--- Aim of the task ---
Return the data below exactly, but only from the line containing "Men's White Platform" through the line containing "Y2K Vintage Boho", with both of those lines included.

--- Extracted records ---
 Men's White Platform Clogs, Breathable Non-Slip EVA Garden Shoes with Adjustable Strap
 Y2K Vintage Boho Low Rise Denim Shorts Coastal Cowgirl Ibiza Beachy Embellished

---

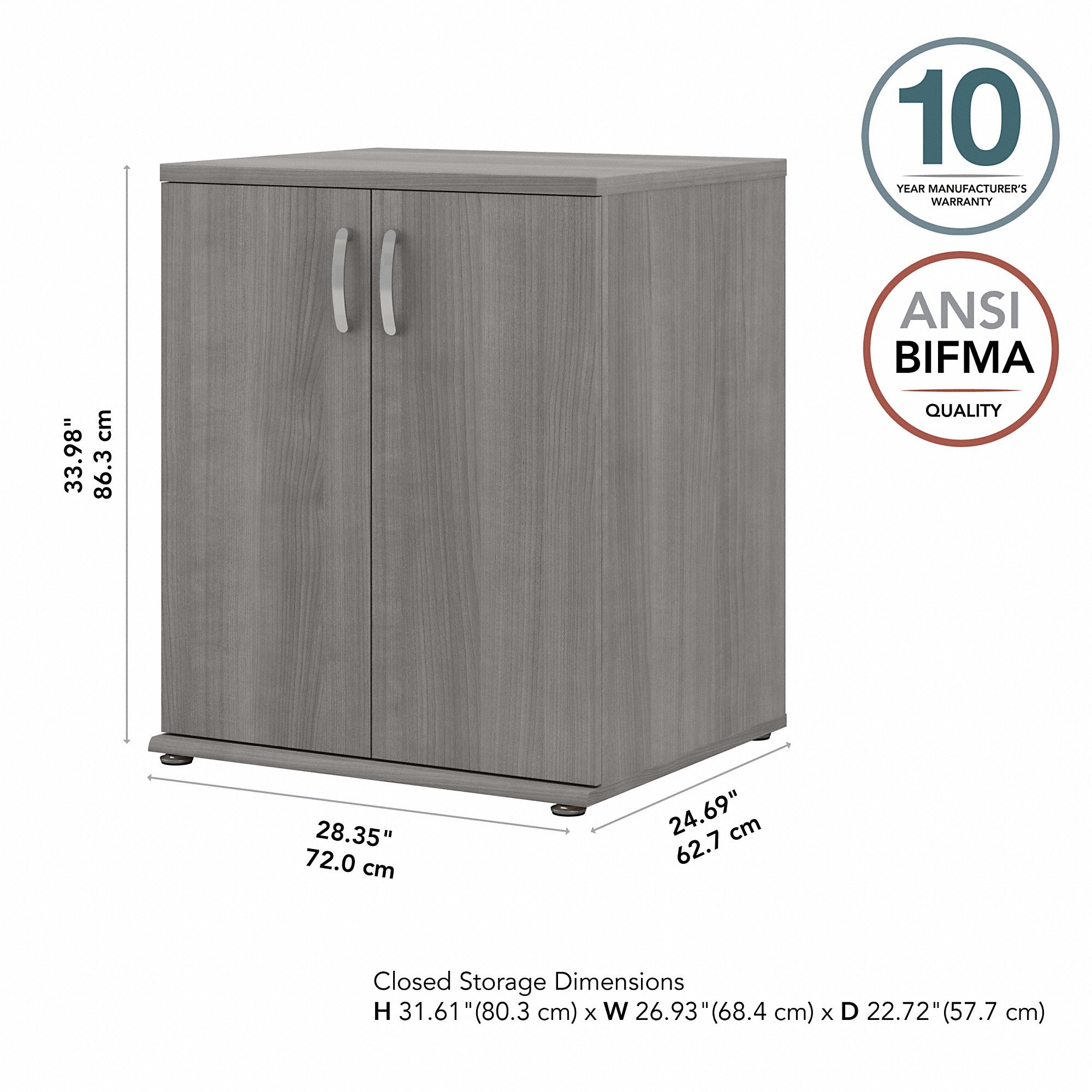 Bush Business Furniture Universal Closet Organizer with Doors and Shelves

--- Exercise output ---
 Men's White Platform Clogs, Breathable Non-Slip EVA Garden Shoes with Adjustable Strap
 Y2K Vintage Boho Low Rise Denim Shorts Coastal Cowgirl Ibiza Beachy Embellished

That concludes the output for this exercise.